---------- Records for processing

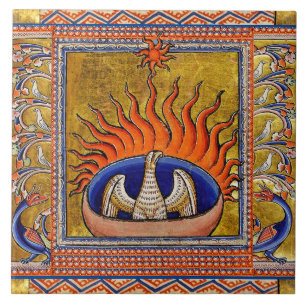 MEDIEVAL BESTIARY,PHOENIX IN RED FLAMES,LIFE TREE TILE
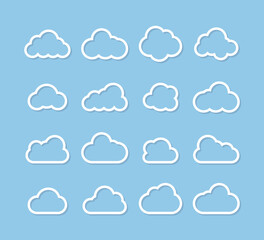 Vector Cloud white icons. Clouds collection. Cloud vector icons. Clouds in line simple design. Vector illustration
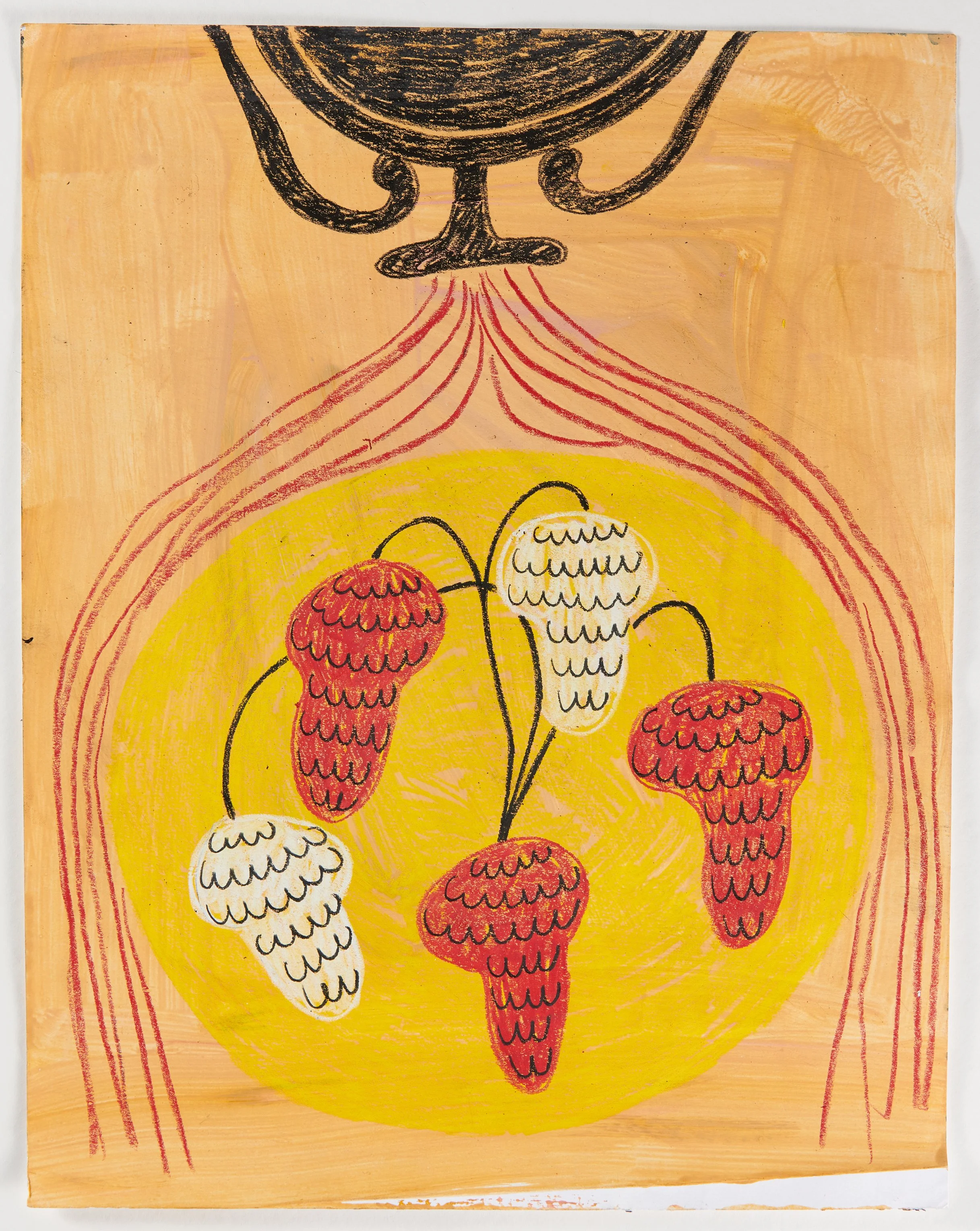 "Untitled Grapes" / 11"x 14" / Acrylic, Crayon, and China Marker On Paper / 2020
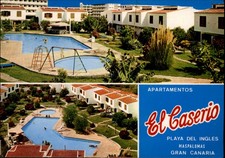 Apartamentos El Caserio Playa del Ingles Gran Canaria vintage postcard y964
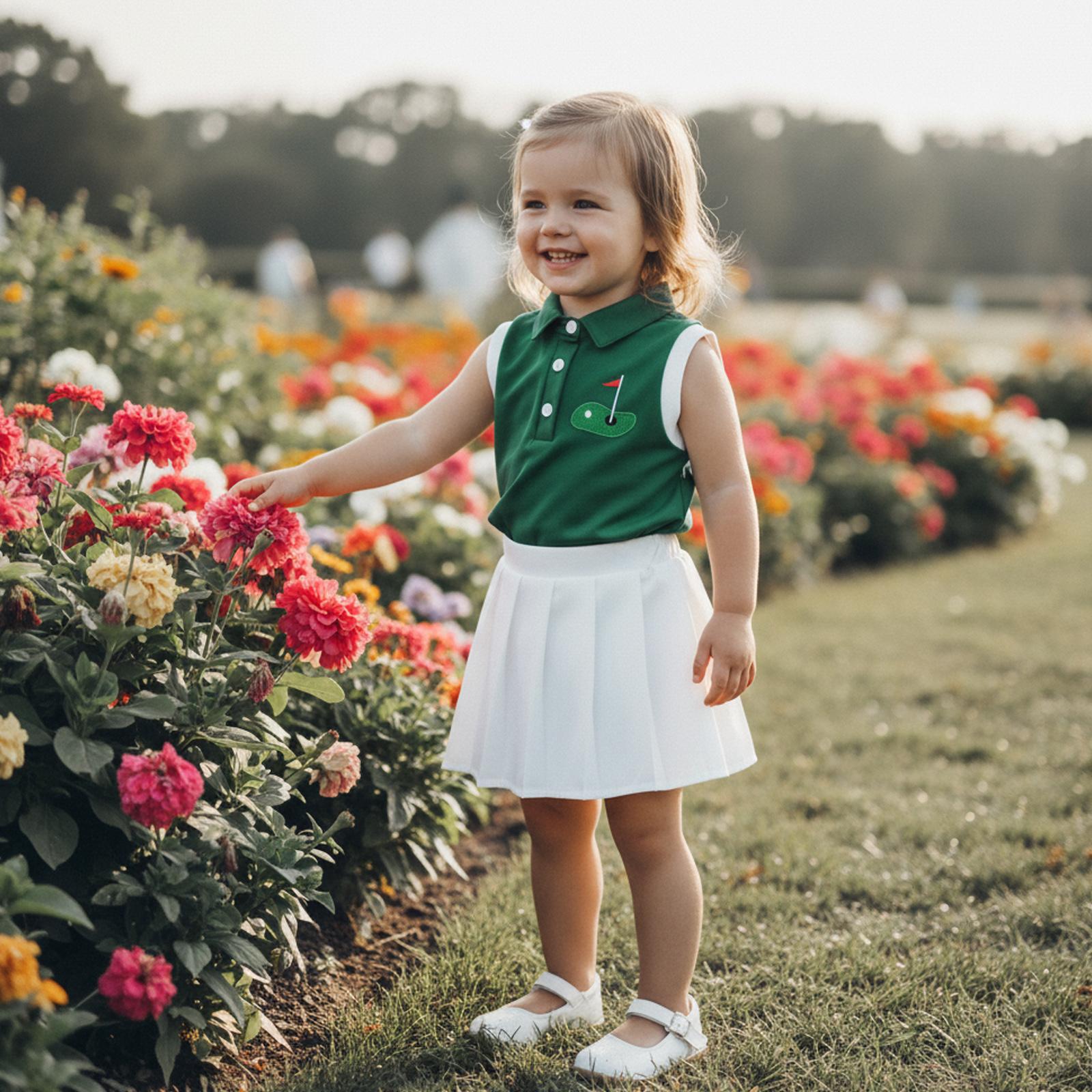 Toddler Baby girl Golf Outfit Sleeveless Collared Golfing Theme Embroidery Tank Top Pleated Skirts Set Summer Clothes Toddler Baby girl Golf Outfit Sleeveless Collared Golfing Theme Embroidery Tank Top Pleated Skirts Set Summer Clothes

--------------------
---------- Records for processing

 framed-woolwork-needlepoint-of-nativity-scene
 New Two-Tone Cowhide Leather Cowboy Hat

--------------------

- _Task description_
In the listing above, locate the line containing "framed-woolwork-needlepoint-of-nativity-scene" and the line containing "New Two-Tone Cowhide Leather Cowboy Hat". Extract those two lines and every line between them, exactly as written, and only those.

- _Result for this exercise_
 framed-woolwork-needlepoint-of-nativity-scene
 New Two-Tone Cowhide Leather Cowboy Hat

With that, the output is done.